I have only just been able to return to your critical examination of the extent of predicativity in this paper. I welcome your extensive and detailed consideration of the issues involved and am impressed by your absorption of the extant literature and your strong philosophical motivations allied to predicativity to see whether existing analyses are satisfactory or require us to go beyond them. But I can do without the supercilious attitude manifested here and there, especially in the last paragraph on p. 16 (of which, more below). Here are some points in response. I did not have time to go over your other two related papers [47] and [48]; it appears that your critique here is largely independent of those.

p.1, last par. I disagree completely with the statement that "the limitation identified by Feferman and Schütte is probably now a primary reason, possibly the primary reason, for predicativism's nearly universal unpopularity." I think the reasons that it has not achieved the status of the other big foundational schemes, especially constructivism and set-theoretical platonism, have nothing to do with its formal characterization and in fact well predated the work that began in the 1950s in that direction. The main reasons are given in my survey article "Predicativity" [44] in the section "Predicativity sidelined: 1920-1950," and I shall not repeat them here. More to the point is, as you remark, the predicative unprovability, on the F-S characterization, of such statements as the Cantor-Bendixson theorem or the (Extended) Kruskal Theorem or the recognition of Gamma0 as an ordinal, which working mathematicians (do or would) accept without qualm. But that does not cut any ice one way or another regarding our characterization. If it is correct, so much the worse for predicativity. If it is incorrect, and something like what you propose in sec. 2 is correct, then there will surely be other examples of mathematical theorems unprovable in such a characterization that working mathematicians would readily accept and would lead them to ignore your foundational scheme too. Mathematicians for the most part simply don't like to have their hands tied and are not persuaded on philosophical grounds to abandon reasoning that is totally justified on the face of it, such as, to begin with, the use of the lub principle in analysis. The situation with constructivism is a bit different; though not accepted as a foundation for mathematics by 99.99% of working mathematicians, they can see the point of doing mathematics in a way that leads systematically to computable results, even if in principle only. But the outcome of the Polya-Weyl wager showed that, for mathematicians, the rejection of impredicative definitions in analysis is not at all compelling in the same way. So the issue of whether the F-S characterization, or as you put it, "the Gamma0 thesis" is correct has to be taken on its own merits, if one is interested in it at all.

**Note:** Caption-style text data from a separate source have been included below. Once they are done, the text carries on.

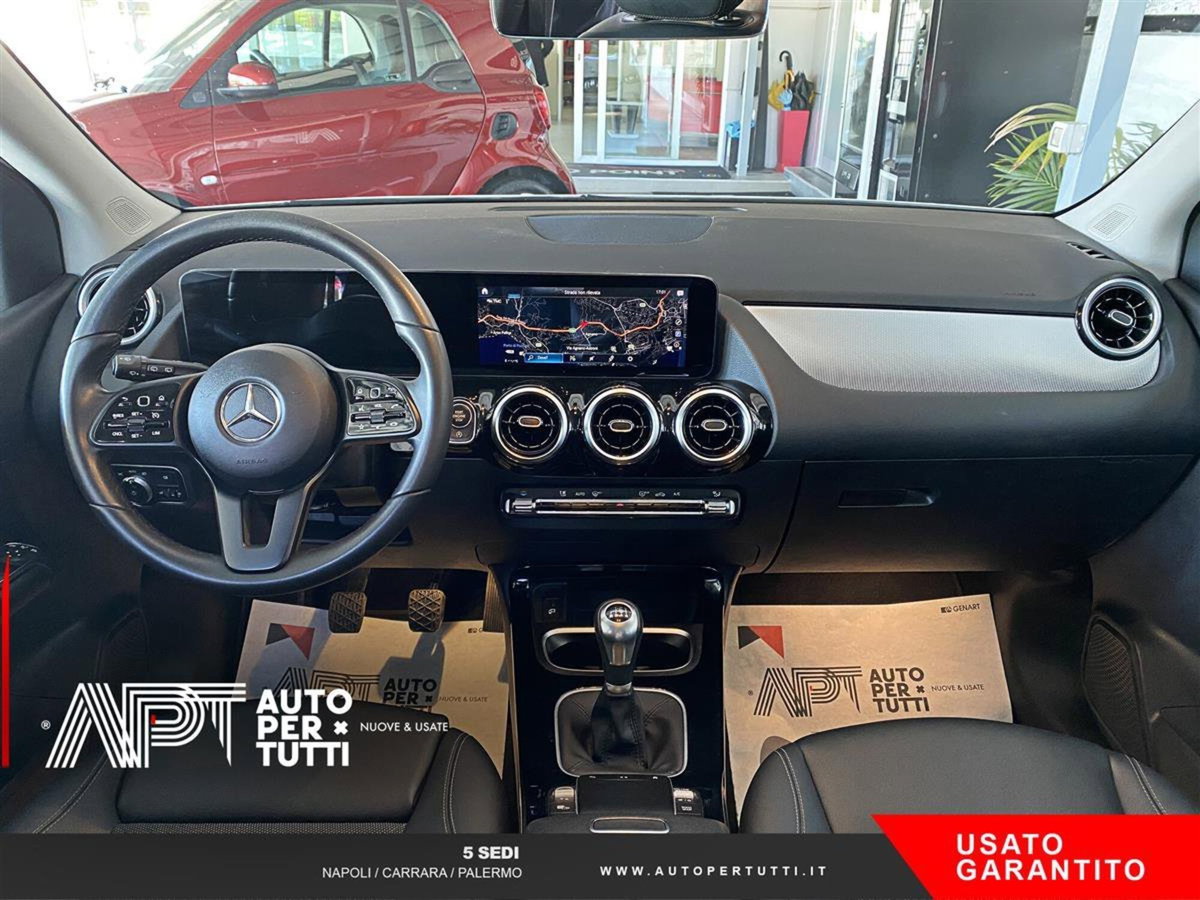 Mercedes-Benz Classe B 180 d Executive (13)
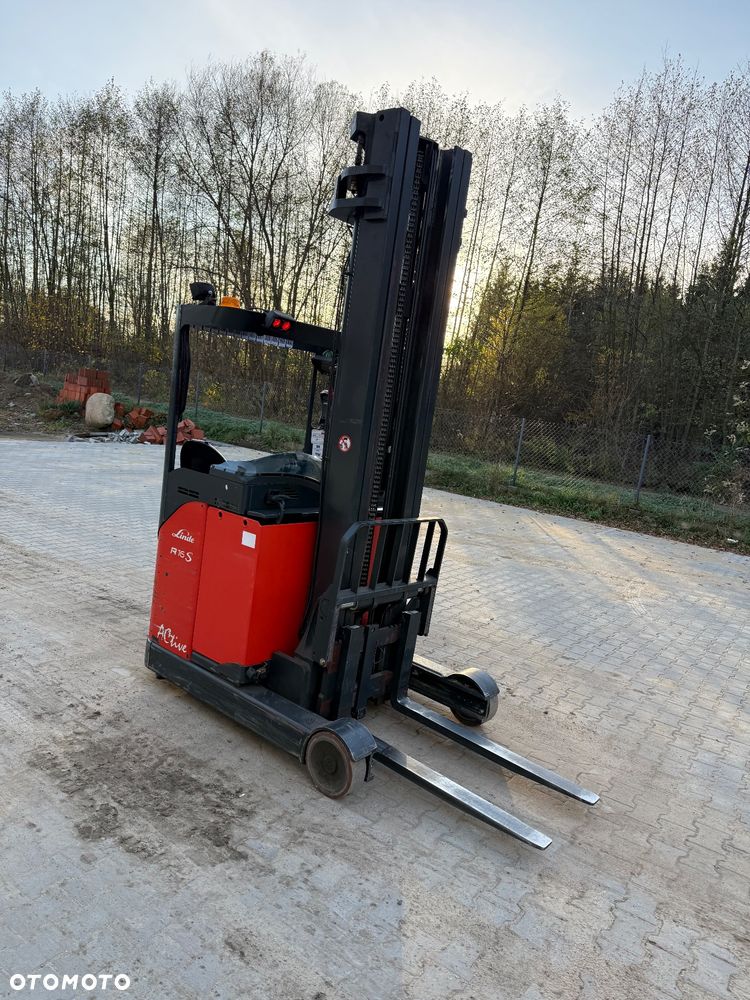 Linde E12 e14 e16 elektryczny BATERIA 2022 - 3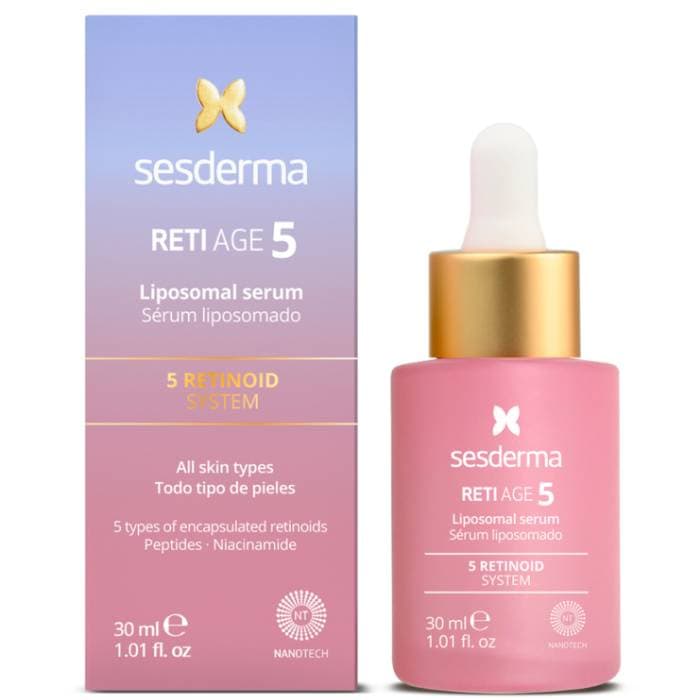 Сесдерма Антивозрастная сыворотка для лица Anti-Aging Serum, (Sesderma, Retiage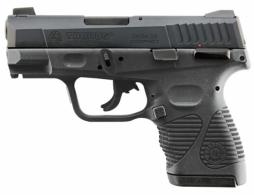 Taurus 24/7-G29BC-17 PT24/7 G2 Compact 17+1 9mm 3.5" - 1-247091G2C-17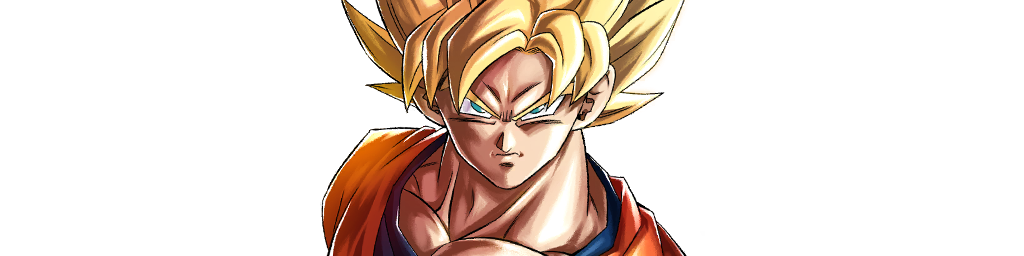 DBL12-04S - Super Saiyan Son Goku
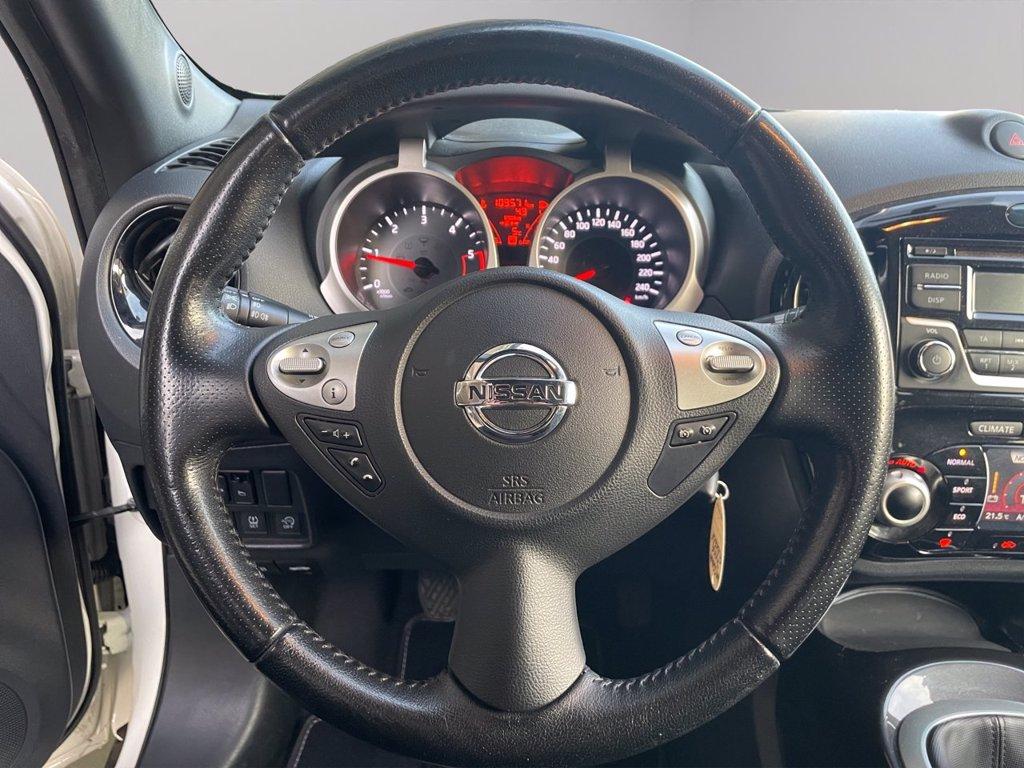 NISSAN 2015 Diesel Juke I 1.5 dci Tekna 110cv E6 del 2017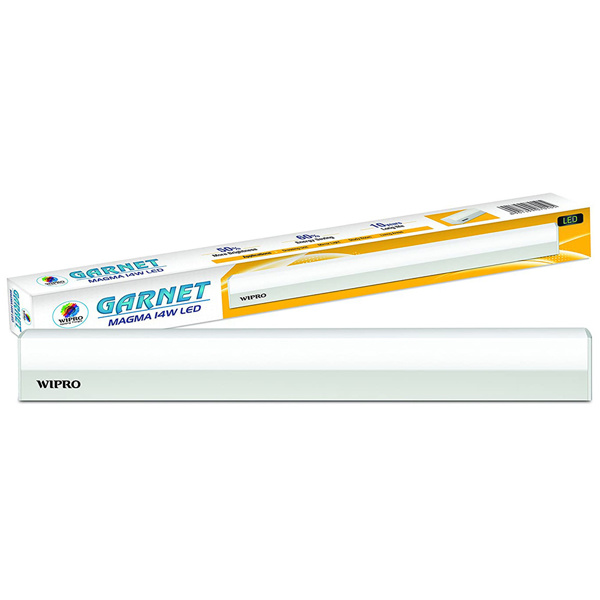 Picture of Wipro Garnet Magma 2 Feet 14 W LED Batten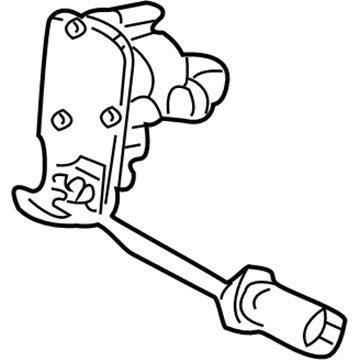 GM 15128630 Front Sensor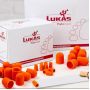Brúsne klobúčiky LUKAS PODO Ø 10 mm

p.2, sec.1, 3d par. You say that the Gamma0 thesis "has been repeatedly and forcefully defended by its two major figures, Feferman and Kreisel. Many current authors simply assert it as a known fact." There are two "facts" at issue here: (UB) Gamma0 is an upper bound for the proof-theoretical strength of predicativity. (LB) It is a lower bound. Both Kreisel and I have raised critical questions about the proposed characterization at different stages, so it is not fair to say without qualification that we forcefully defended it. And others have raised questions, as you note here and there. And, after all, few logicians have been concerned with the characterization. We're not talking about the "passive" involvement of a big "scientific community" here (p.16). I think most people who have looked at it are persuaded by the autonomy picture and the result (UB) on the face of it. It has nothing to do with the complexity of the argument, which is now what one learns in straightforward Schütte-style infinitary proof theory after Epsilon0 as an upper bound to PA. That's just the bread and butter of the subject. Your objections to the (UB) result are not novel, as you yourself note. At the same time (curiously) you object to (LB) not as a result but for the way it has been proved. Of those thinkers on the subject who have accepted (UB) as patently correct, few have thought about (LB). I brought attention to the question of its justification in "A more perspicuous system for predicativity" [13].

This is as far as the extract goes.